Schedule, and stick to it! It's exceedingly important to take time off, no matter how tight your deadlines are. Generally, if I can't work yoga in at least a couple of times a week and a bit of time at my craft desk every evening, then I know I'm in danger of burnout. Decide how many hours a day you need to get your work done, focus only on your work during those hours, and then leave it behind no matter what. Easier said than done, I know, but absolutely critical if you want to keep your mind in good functioning order. I wrote a few suggestions in this hub:
It's a little bit outdated in that now I'm working on finding that time off around full-time writing AND raising two kids...three kids by the end of the week, since the one I'm pregnant with was due four days ago. Sometimes it seems like more work trying to fit in the relaxation time than it would be to just plow through and do the work, but inevitably, if I give in and just work for hours and hours on end or sacrifice a weekend, I always regret it and end up with a paralyzed mind for a couple of days not long afterward.

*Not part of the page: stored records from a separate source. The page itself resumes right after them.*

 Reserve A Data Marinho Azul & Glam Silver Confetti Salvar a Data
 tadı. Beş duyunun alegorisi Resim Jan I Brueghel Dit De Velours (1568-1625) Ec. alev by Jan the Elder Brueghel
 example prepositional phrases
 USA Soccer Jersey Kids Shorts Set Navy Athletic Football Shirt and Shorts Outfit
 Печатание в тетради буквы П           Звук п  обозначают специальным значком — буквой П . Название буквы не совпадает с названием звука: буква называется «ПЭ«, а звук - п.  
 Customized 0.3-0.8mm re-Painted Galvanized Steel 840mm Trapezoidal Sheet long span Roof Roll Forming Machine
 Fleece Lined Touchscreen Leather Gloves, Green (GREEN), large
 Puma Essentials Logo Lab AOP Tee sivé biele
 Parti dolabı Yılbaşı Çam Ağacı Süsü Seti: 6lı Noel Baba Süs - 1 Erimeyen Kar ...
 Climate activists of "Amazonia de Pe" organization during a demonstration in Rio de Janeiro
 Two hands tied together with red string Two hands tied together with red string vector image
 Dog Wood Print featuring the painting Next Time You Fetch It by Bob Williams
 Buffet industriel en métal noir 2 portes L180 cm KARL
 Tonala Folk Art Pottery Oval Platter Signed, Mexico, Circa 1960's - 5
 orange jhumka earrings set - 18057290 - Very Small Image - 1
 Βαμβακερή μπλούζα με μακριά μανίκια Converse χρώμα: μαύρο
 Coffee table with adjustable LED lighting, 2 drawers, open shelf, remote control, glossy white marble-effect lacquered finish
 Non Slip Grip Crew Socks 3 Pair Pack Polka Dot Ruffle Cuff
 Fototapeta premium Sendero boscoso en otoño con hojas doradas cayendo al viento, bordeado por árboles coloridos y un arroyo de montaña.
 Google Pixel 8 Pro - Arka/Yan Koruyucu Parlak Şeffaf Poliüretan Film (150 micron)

As for the editors -- I think some just like to be picky, no matter what. About all we can do is try not to take their suggestions personally, grit teeth and turn in the darn revisions. At least, that's been my experience, I've only told off two editors so far and it's been in a way that they just gently got the message that they were being absurd. For example, I cited a book for my source in an article, and the editor sent back that she couldn't find the link to my source...so I wrote her back explaining the concept of a book. Maybe that all depends on how sensitive your editors are, and just how much it'd hurt you to lose that work :P.